Ecuador La Perla Chiquita Espresso Coffee

$ 18.00$ 50.00

Black cherry, vanilla, cocoa, brown sugar.

Farm: La Perla Chiquita
Producer: Pablo Ponce
Region: Pichincha, Nanegal, Recinto La Perla
Variety: Bourbon
Process: Washed
Altitude: 2,450 masl


Espresso MachinePlungerStove Top

We’re excited to introduce our first offering from this origin: the exceptional Ecuador La Perla Chiquita by Pablo Ponce to our single origin menu. Pablo Ponce owns the 5-hectare farm Perla Chiquita, where 1 hectare is planted with about 2,300 Bourbon trees. Coffees at Perla Chiquita are picked ripe and dry fermented for 12–14 hours before being washed four or five times. They’re then given a pre-dry on cement patios before being moved to raised beds. Drying can take between 10–14 days, depending on the climate conditions.

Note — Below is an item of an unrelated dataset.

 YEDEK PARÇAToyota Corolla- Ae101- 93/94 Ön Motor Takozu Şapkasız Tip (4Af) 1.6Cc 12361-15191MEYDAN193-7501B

Ecuador is tiny compared to its big coffee-growing neighbours (Brazil, Peru and Colombia) which is part of the reason we see so few Ecuadorian coffees in our market. For a small country, Ecuador has an impressive amount of diversity – in climate, in varieties, and in farms and farming practices. Coffee was introduced in Ecuador early in the nineteenth century, and remained one of Ecuador’s top export crops through the 1970s. Coffee didn’t become a major commercial venture in Ecuador until the late 1920s, when the cacao industry was threatened by disease—even then, coffee has largely remained an afterthought to the national economy, and production dropped greatly during the price crises of the 1990s and in the early 2000s.

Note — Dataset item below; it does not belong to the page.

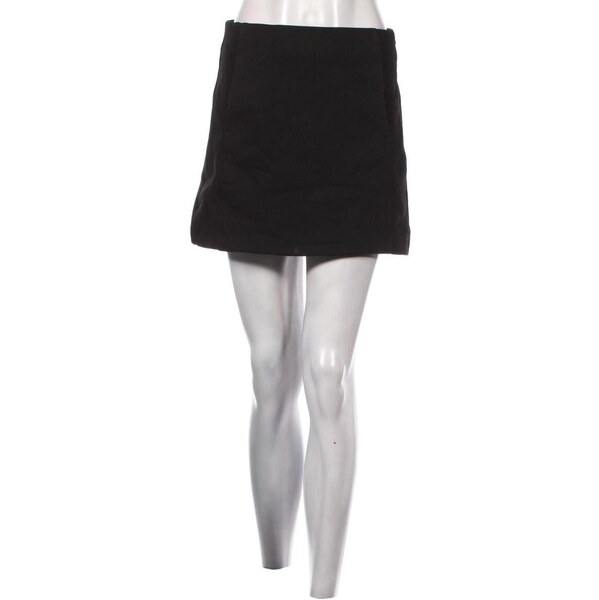 Sukňa Zara 67047808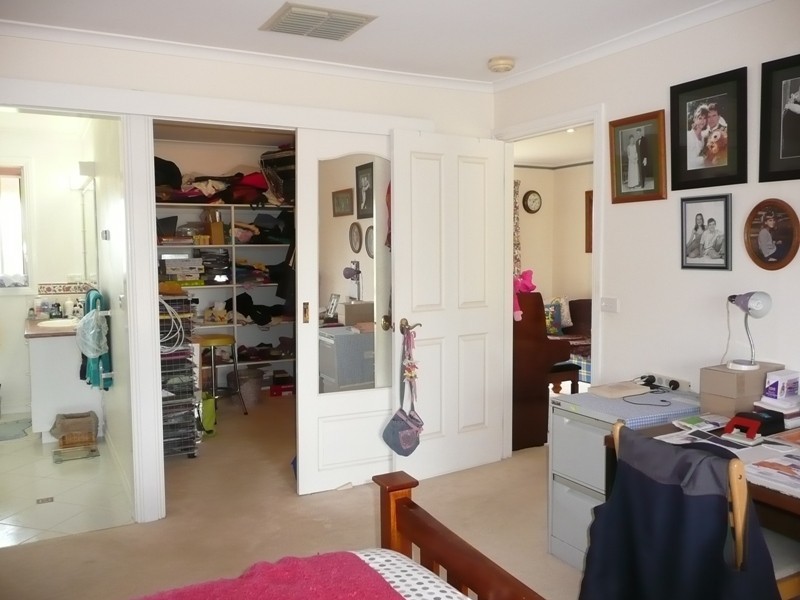 Yarrawonga VIC 3730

Coffee production in Ecuador is declining because factors including low productivity from farms per hectare on average is 400kg which is a third of neighbouring countries. The dollarisation to give up its local currency and adopt the US dollar which has a knock-on effect on producing communities – and in particular has prompted many to leave the farm behind. Emigration because of Ecuador’s financial struggles, younger generations have left the farms and often abroad leaving the older generation to tend the farms with an average age of a coffee producer being 60 years old. High productions costs due to the dollarisation with price of goods appreciating faster being tied to strength of US economy and with that, wages also need to increase. About half a million people depend on coffee for their livelihood in Ecuador, which is about 1 out of every 8 farmers and their families. An unbearable poverty is the reality for small coffee farmers and has led to the abandonment of many coffee plantations.

The specialty boom from the first decade of the 2000s happening in neighbouring Colombia and Peru inspired entrepreneurial Ecuadorian coffee producers to invest in good Arabica varieties, improved practices and advanced marketing strategies. Increasingly, single-farm, single-variety, and innovating processing lots are finding their way to forward-thinking mills, exporters, importers, and roasters. We look forward to seeing more delicious coffees coming from this amazing small country.